Szabo knew that the David before him was not David on drugs, but now that the drugs were gone, he still hadn't gone back to being the boy he'd been before. Maybe it would happen gradually. Or perhaps Szabo was harboring yet another fruitless hope.

“Melinda still working for you?”

“I couldn't do without her. She stayed with me even when I couldn't pay her.”

“Melinda's hot.”

“She's attractive.”

“No, Dad, Melinda's hot.”

Szabo didn't know what David meant by this, if anything, and he didn't want to know. Maybe David just wanted him to realize that he noticed such things.

“David, you've got less than a year to go. Concentrate on avoiding even the appearance of anything that could set you back. You'll be home soon.”

“Home?”

“Absolutely. Where your friends are, where you grew up. Home is where your mistakes can be seen in context. You go anywhere else—David, you go anywhere else and you're an ex-con. You'll have to spend all your time overcoming that, when everyone at home already knows you're a great kid.”

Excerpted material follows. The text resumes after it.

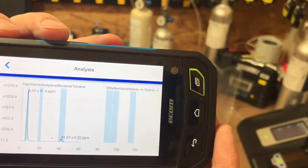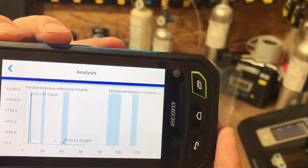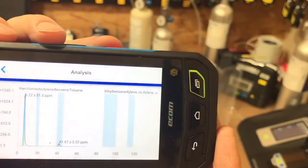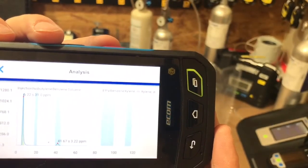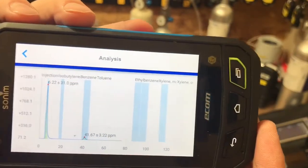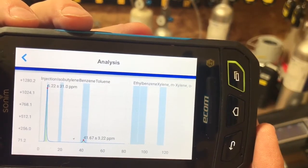Everything can be downloaded and emailed or using a thumb drive going directly into your computer after it's done. It's just rolling along, so for all those compounds on one run, you're talking about just a few minutes.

“When I get out of here,” David said in measured tones, “I'm going to live with Mom and Cliff.”

“In California?”

“Last time I checked.”

Szabo was determined not to react to this. He let the moment subside, and David now seemed to want to warm up. He smiled faintly at the blue ceiling.

“And yes, I'll write Grandma back.”

“So you heard from her?”

David laughed. “About her boyfriend, Barney. I think that's so sweet. A relationship! Is Barney her age?”

“Actually, he's quite a bit younger.”

As Szabo drove back to the airport, he tried to concentrate on the outlandish news of Barney's role in his mother's life, but he didn't get anywhere. He couldn't stop thinking about David, and thought of him in terms of a proverb he had once heard from a Mexican man who had worked for him: “You have only one mother. Your father could be any son of a bitch in the world.”
That's me! I'm any son of a bitch in the world.